Chapter 2. Simple Pattern Matching

Regular expressions are all about matching and finding patterns in text, from simple patterns to the very complex. This chapter takes you on a tour of some of the simpler ways to match patterns using:

In the first chapter, we used Steven Levithan’s RegexPal to demonstrate regular expressions. In this chapter, we’ll use Grant Skinner’s RegExr site, found at http://gskinner.com/regexr (see Figure 2-1).

Note

Each page of this book will take you deeper into the regular expression jungle. Feel free, however, to stop and smell the syntax. What I mean is, start trying out new things as soon as you discover them. Try. Fail fast. Get a grip. Move on. Nothing makes learning sink in like doing something with it.

Grant Skinner’s RegExr in Firefox

Figure 2-1. Grant Skinner’s RegExr in Firefox

Before we go any further, I want to point out the helps that RegExr provides. Over on the right side of RegExr, you’ll see three tabs. Take note of the Samples and Community tabs. The Samples tab provides helps for a lot of regular expression syntax, and the Community tab shows you a large number of contributed regular expressions that have been rated. You’ll find a lot of good information in these tabs that may be useful to you. In addition, pop-ups appear when you hover over the regular expression or target text in RegExr, giving you helpful information. These resources are one of the reasons why RegExr is among my favorite online regex checkers.

This chapter introduces you to our main text, “The Rime of the Ancient Mariner,” by Samuel Taylor Coleridge, first published in Lyrical Ballads (London, J. & A. Arch, 1798). We’ll work with this poem in chapters that follow, starting with a plain-text version of the original and winding up with a version marked up in HTML5. The text for the whole poem is stored in a file called rime.txt; this chapter uses the file rime-intro.txt that contains only the first few lines.

The following lines are from rime-intro.txt:

THE RIME OF THE ANCYENT MARINERE, IN SEVEN PARTS.

ARGUMENT.

How a Ship having passed the Line was driven by Storms to the cold
Country towards the South Pole; and how from thence she made her course
to the tropical Latitude of the Great Pacific Ocean; and of the strange
things that befell; and in what manner the Ancyent Marinere came back to
his own Country.

I.

1      It is an ancyent Marinere,
2        And he stoppeth one of three:
3      "By thy long grey beard and thy glittering eye
4        "Now wherefore stoppest me?

Copy and paste the lines shown here into the lower text box in RegExr. You’ll find the file rime-intro.txt at Github at https://github.com/michaeljamesfitzgerald/Introducing-Regular-Expressions. You’ll also find the same file in the download archive found at http://examples.oreilly.com/9781449392680/examples.zip. You can also find the text online at Project Gutenberg, but without the numbered lines (see http://www.gutenberg.org/ebooks/9622).

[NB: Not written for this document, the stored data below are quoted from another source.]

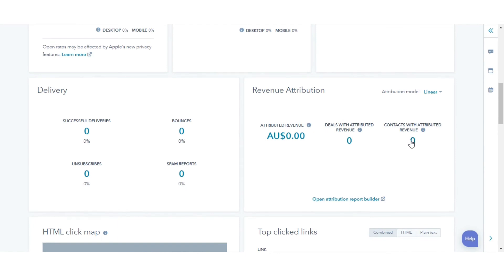If you hover over these numbers, you will see a detailed breakdown of contacts and deals. This is how you can analyze the revenue attribution for your content.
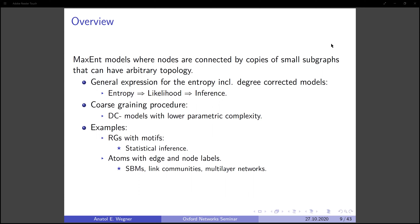Today I'm going to talk about maximum entropy models where nodes are connected by copies of small subgraphs that can have arbitrary topology. First, I'm going to derive closed-form expressions for the entropy in the canonical and micro-canonical case, including degree-corrected models. We focus on the entropy because of its connection to the likelihood and hence its importance in statistical inference. Then I'll introduce a coarse-graining procedure which allows us to construct models with lower parametric complexity.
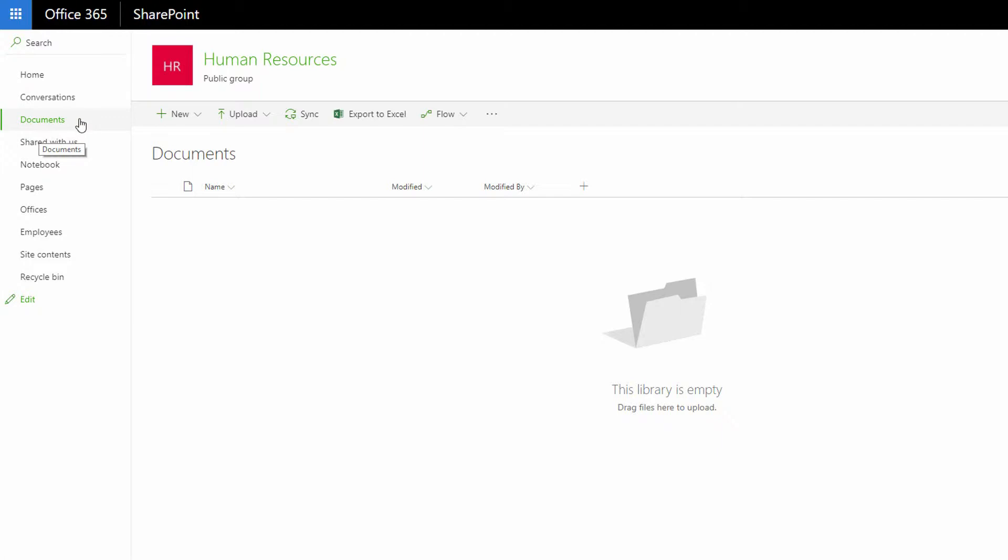you do want to have sort of an archive of past forms and things like that, that people cannot make changes to, because if they could make changes to those documents, it would hurt the integrity of your archive.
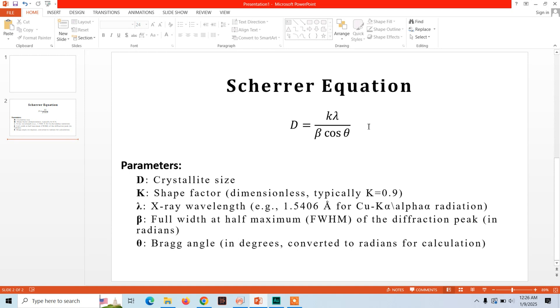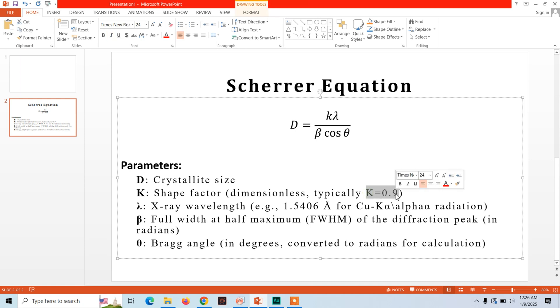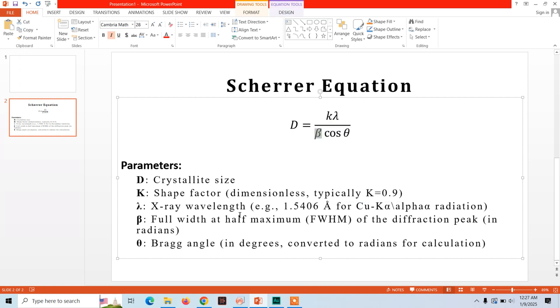Before jumping into the calculation, let me show you the Scherrer equation. The Scherrer equation is D equals K lambda divided by beta cos theta, where D is the crystallite size which we will calculate. K represents the shape factor, it is dimensionless and its value depends on the shape of the crystallite, but if you don't know its value you can use 0.9 as a good approximate value. Lambda is the X-ray wavelength, and for X-rays its value is 1.5406 Angstrom. Beta represents the full width at half maximum of the diffraction peak, and theta is the Bragg's angle.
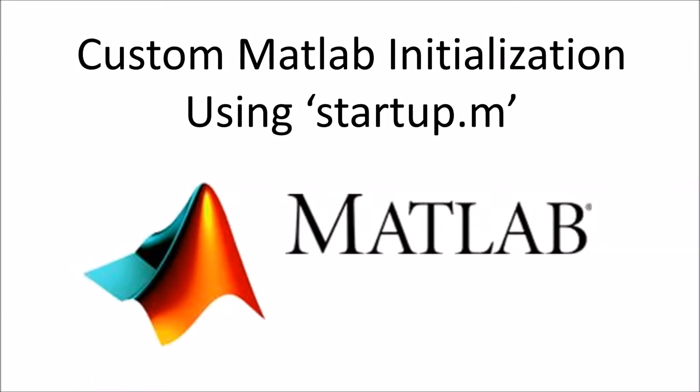Hello everyone, and welcome to another video where I'd like to talk about how to customize the way MATLAB initializes by using a startup.m file.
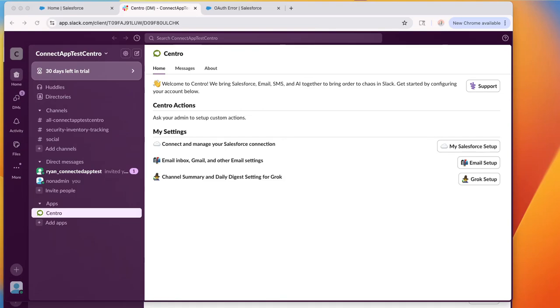This video describes how to resolve an issue with users of Centro, either in Slack or Microsoft Teams, connecting to Salesforce. The error is a generic OAuth connection error.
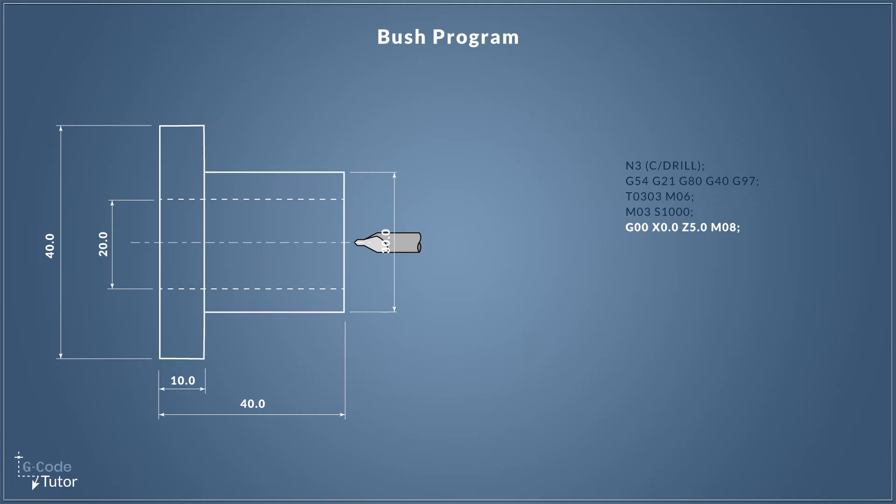Now I like to leave plenty of clearance away from the part when we're rapping in our tool around inside our 3D environment. So I'm coming down to five millimeters away from the front face of our part with Z5.0. So this gives us plenty of clearance.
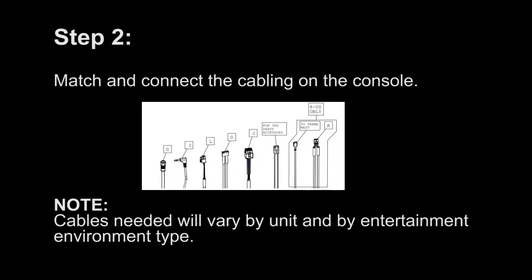Step 2. Match and connect the cabling on the console. Cables needed will vary by unit and entertainment environment type.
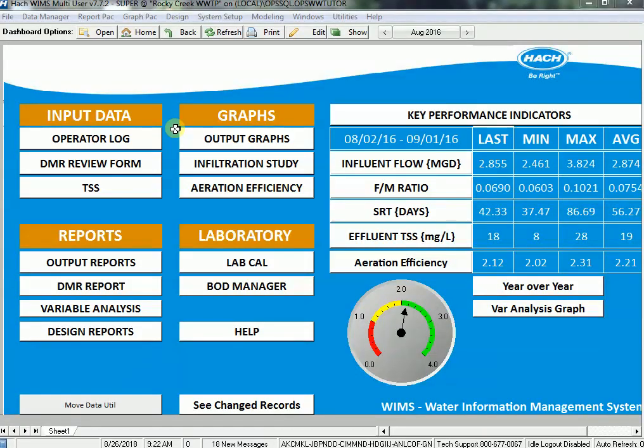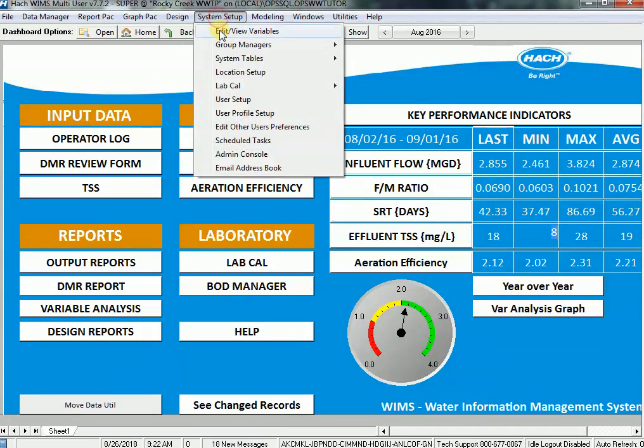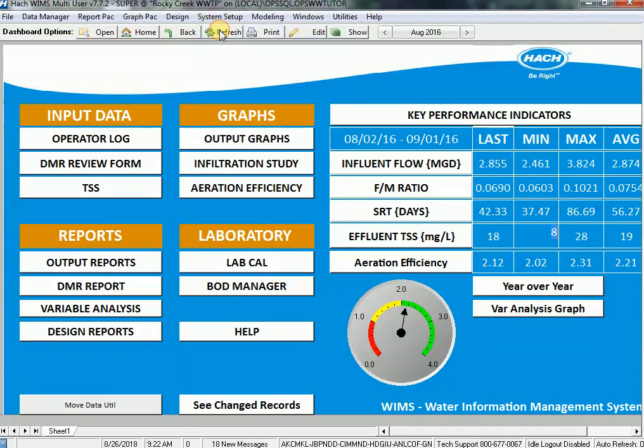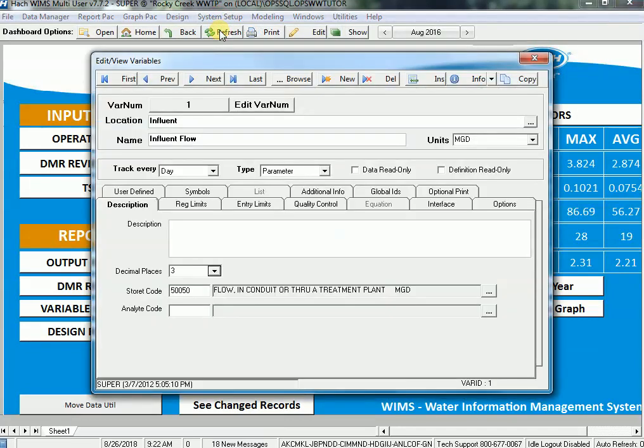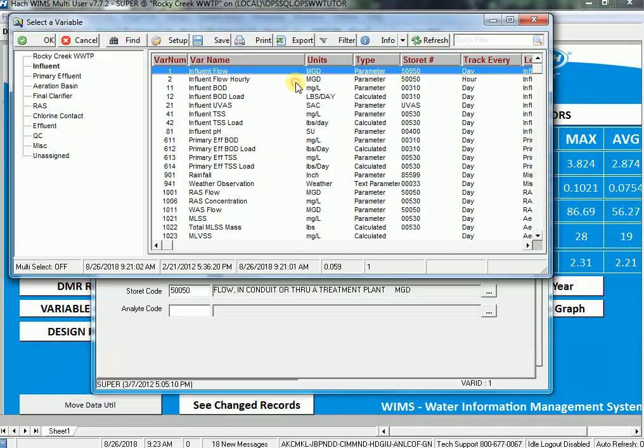In this case, I want to set up a new picture-type variable. I'm going to System Setup, Edit View Variables. I'm going to track my microscopic inspection pictures that I have about my mixed liquor that the lab does, so I'm going to create a variable for it.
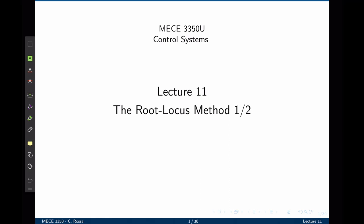The root locus is a graphical representation of the closed-loop poles as the system parameter is changed. This is a powerful method of analysis and design for stability and transient response of any control system. Feedback control systems are difficult to comprehend from a qualitative point of view, and hence they rely heavily upon mathematics and the interpretation of equations. The root locus covered in this chapter is a graphical technique that gives us the description of a control system's performance, and also serves as a powerful tool that yields more information than the methods already discussed in the previous lectures.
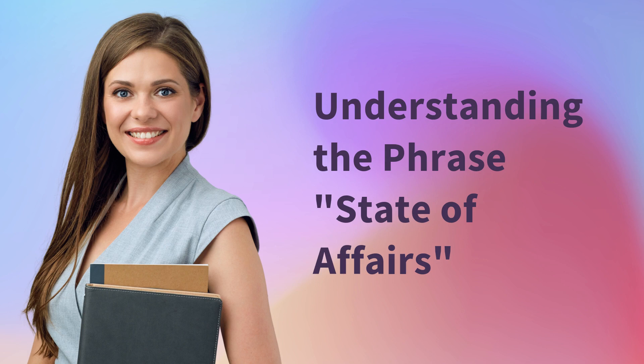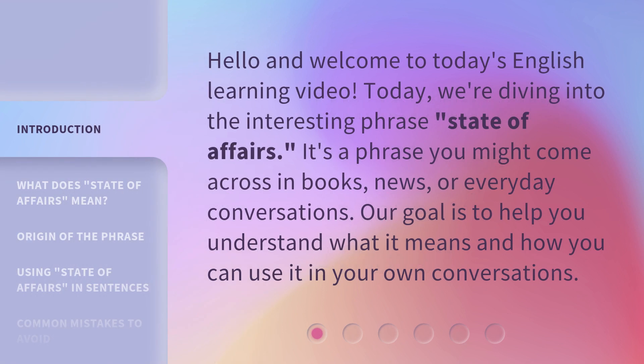Understanding the phrase 'State of Affairs'. Hello and welcome to today's English learning video. Today, we're diving into the interesting phrase 'State of Affairs.' It's a phrase you might come across in books, news, or everyday conversations. Our goal is to help you understand what it means and how you can use it in your own conversations.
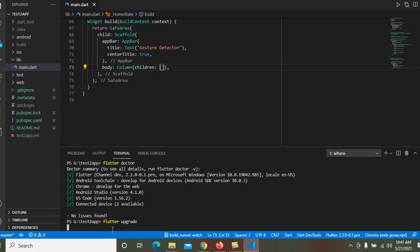It takes a few moments to update your Flutter SDK. If the flutter upgrade command does not work, you should use the flutter upgrade --force command.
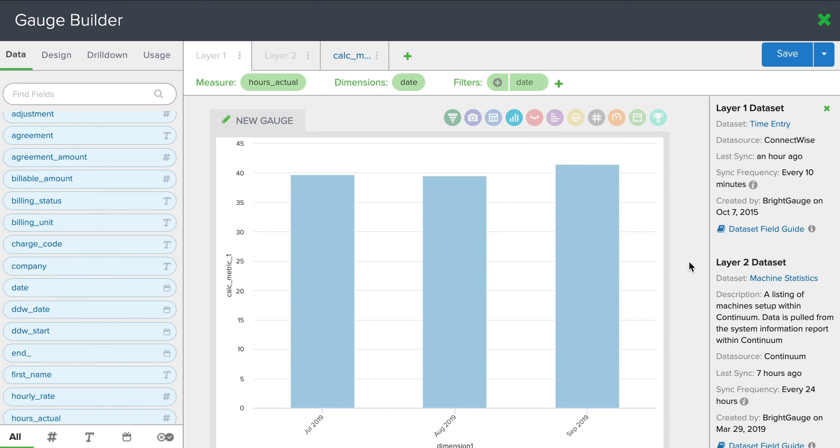Great. So if you have any questions about how data source mashup works or need help with this gauge in particular, feel free to contact support at brightgauge.com.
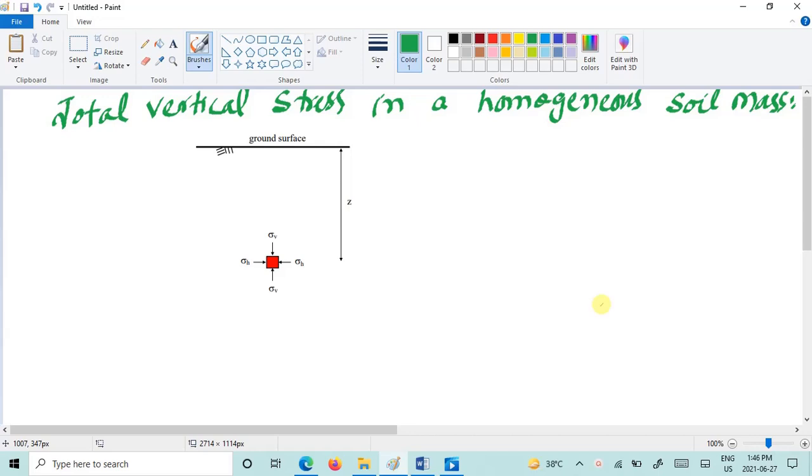Assalamu alaikum dear students. Today I am going to explain the concept of total vertical stresses.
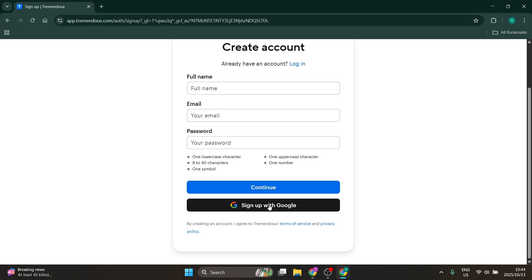This is because all of your details from your Google account are automatically transferred to this app account. Tremendous will have your full name, email address, as well as your password.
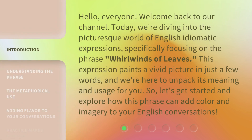Hello, everyone, welcome back to our channel. Today, we're diving into the picturesque world of English idiomatic expressions, specifically focusing on the phrase 'Whirlwinds of Leaves.' We're here to unpack its meaning and usage for you. So let's get started and explore how this phrase can add color and imagery to your English conversations.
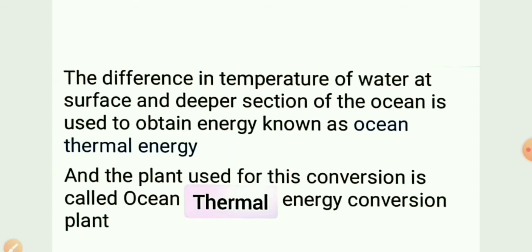When the sun's rays fall on the surface of the ocean, the water at the upper surface absorbs the heat and becomes warmer, while the water at the deeper level is relatively cold. This creates a temperature difference of around 20 degrees centigrade, since warm surface water is 21 to 29°C and cold deep water is 5°C. We can use this temperature difference to generate electricity.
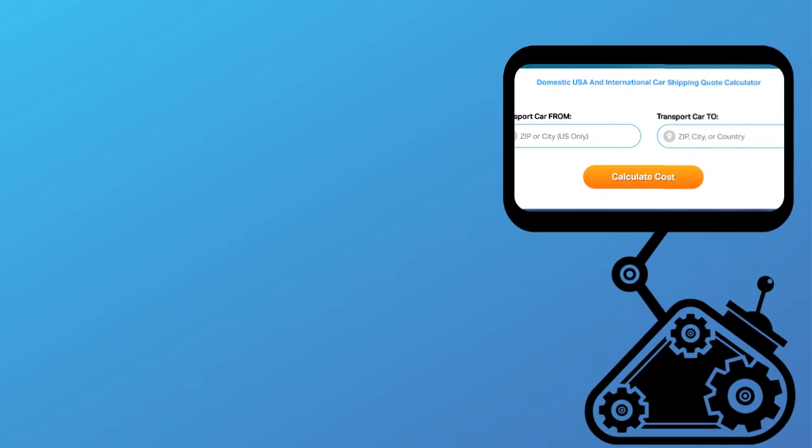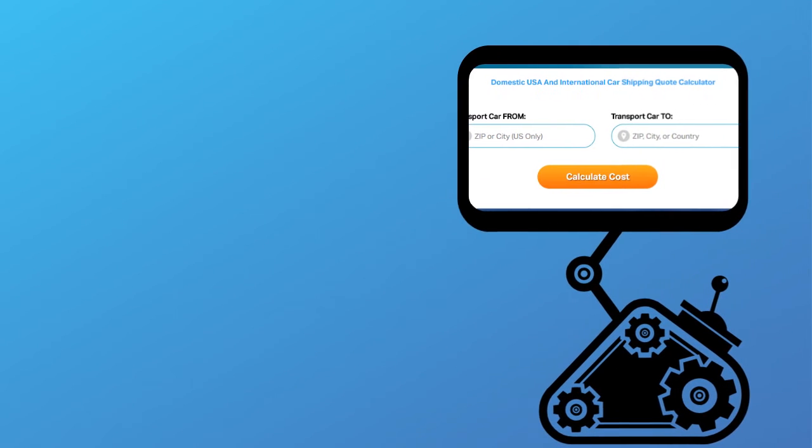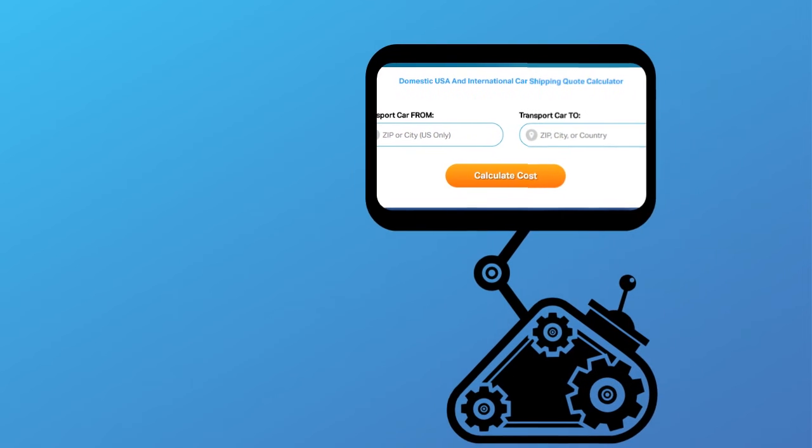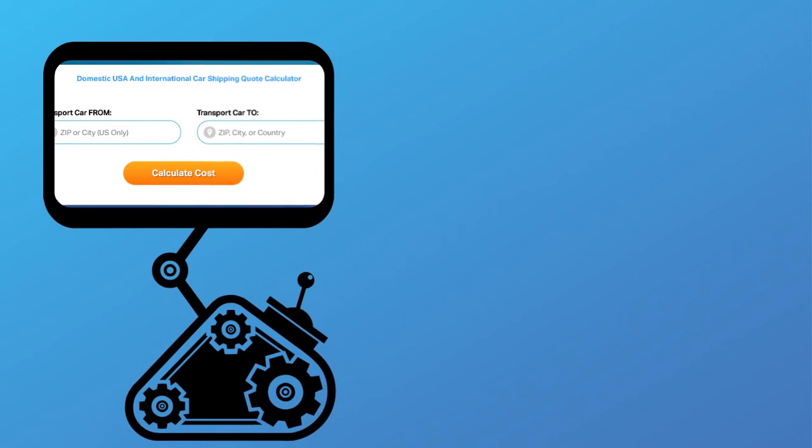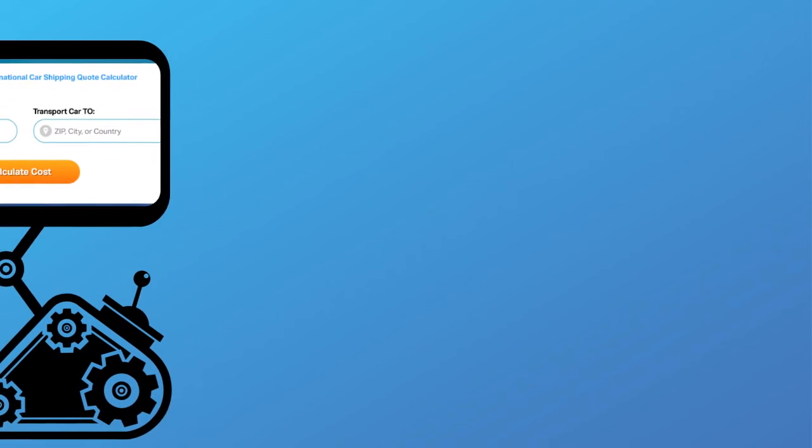Fill out the form to get a no obligation free quote online or call us at 1-800-452-2880.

The most outright, obvious feature of regular expressions is matching strings with one or more literal characters, called string literals or just literals.

The way to match literal strings is with normal, literal characters. Sounds familiar, doesn’t it? This is similar to the way you might do a search in a word processing program or when submitting a keyword to a search engine. When you search for a string of text, character for character, you are searching with a string literal.

If you want to match the word Ship, for example, which is a word (string of characters) you’ll find early in the poem, just type the word Ship in the box at the top of Regexpal, and then the word will be highlighted in the lower text box. (Be sure to capitalize the word.)

Did light blue highlighting show up below? You should be able to see the highlighting in the lower box. If you can’t see it, check what you typed again.

In the top-left text box in RegExr, enter this character shorthand to match the digits:

\d

This matches all the Arabic digits in the text area below because the global checkbox is selected. Uncheck that checkbox, and \d will match only the first occurrence of a digit. (See Figure 2-2.)

Now in place of \d use a character class that matches the same thing. Enter the following range of digits in the top text box of RegExr:

[0-9]

As you can see in Figure 2-3, though the syntax is different, using \d does the same thing as [0-9].

The character class [0-9] is a range, meaning that it will match the range of digits 0 through 9. You could also match digits 0 through 9 by listing all the digits:

[0123456789]

If you want to match only the binary digits 0 and 1, you would use this character class:

[01]

Try [12] in RegExr and look at the result. With a character class, you can pick the exact digits you want to match. The character shorthand for digits (\d) is shorter and simpler, but it doesn’t have the power or flexibility of the character class. I use character classes when I can’t use \d (it’s not always supported) and when I need to get very specific about what digits I need to match; otherwise, I use \d because it’s a simpler, more convenient syntax.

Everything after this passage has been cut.